» Data section:

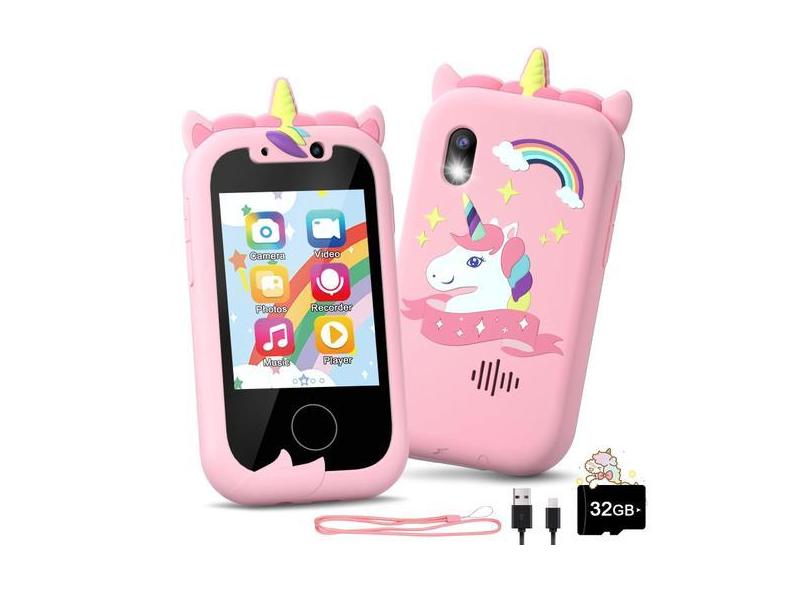 Smartphone Toy Anesky Kids 32GB com câmera Music Player 3-12y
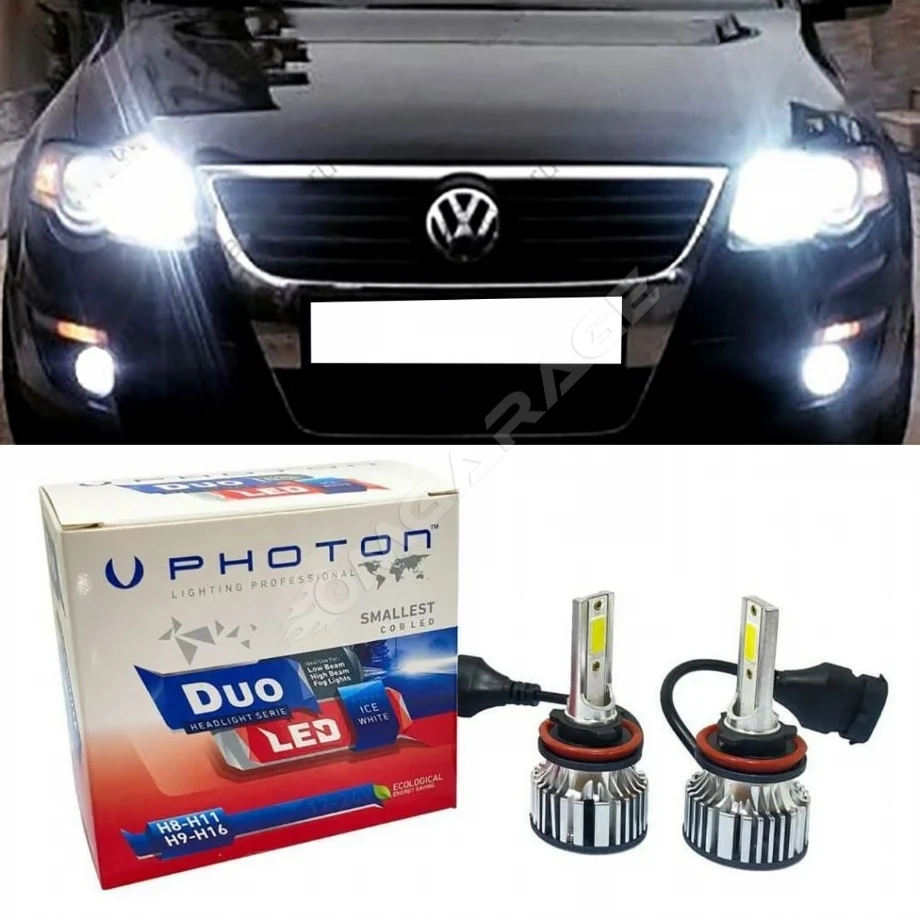 Vw Passat B6 Led Xenon Uzun Far Ampulü H7 Duo Yeni Seri Beyaz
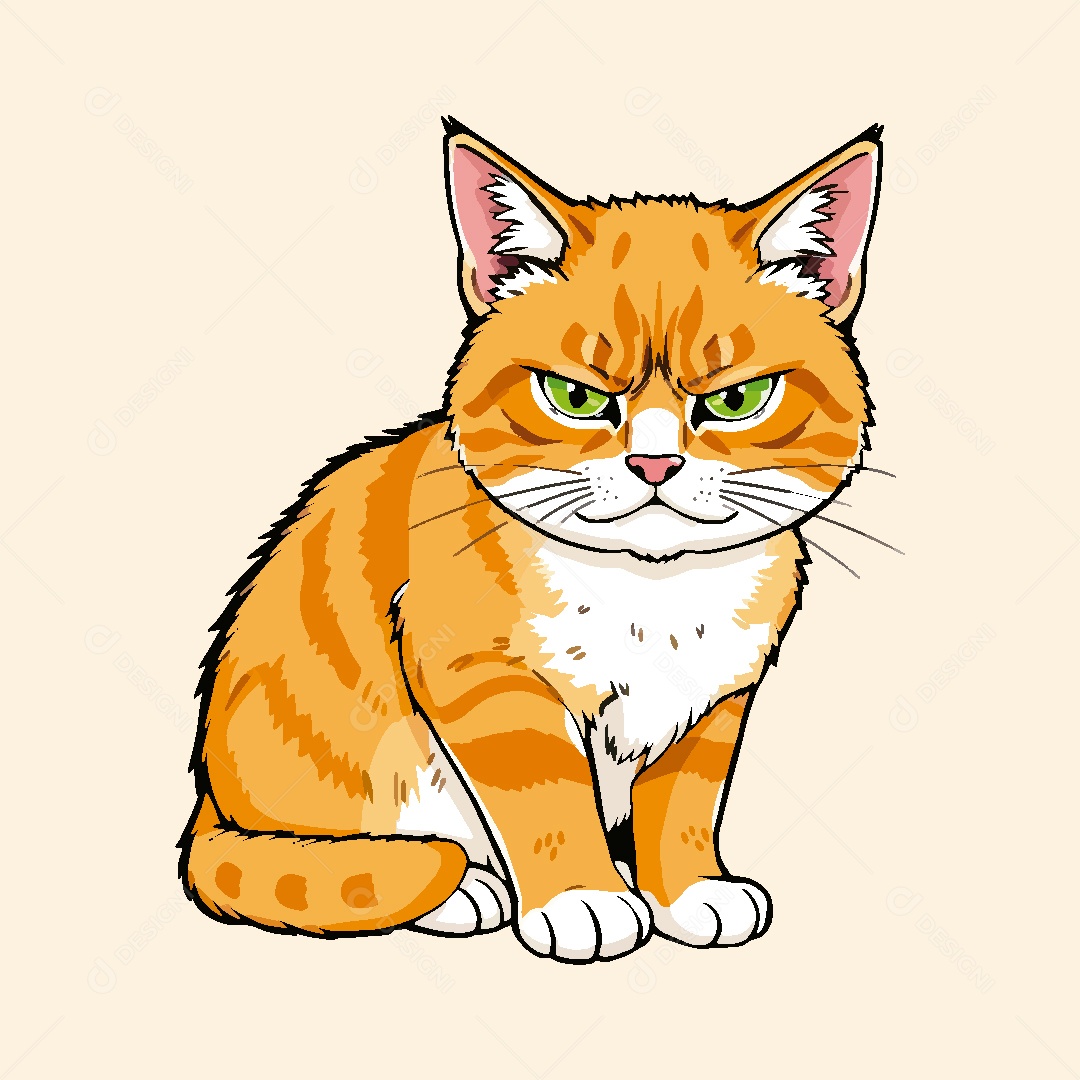 Gato Animal Ilustração Vetor EPS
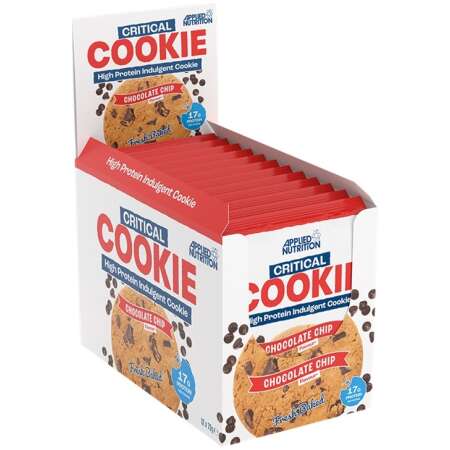 Applied Nutrition Critical Cookie, Chocolate Chip - 12 x 73g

» Goal of the exercise:
In your answer, repeat the material above in full, exactly, and without its pictures.

» Exercise solution:
 Smartphone Toy Anesky Kids 32GB com câmera Music Player 3-12y
 Vw Passat B6 Led Xenon Uzun Far Ampulü H7 Duo Yeni Seri Beyaz
 Gato Animal Ilustração Vetor EPS
 Applied Nutrition Critical Cookie, Chocolate Chip - 12 x 73g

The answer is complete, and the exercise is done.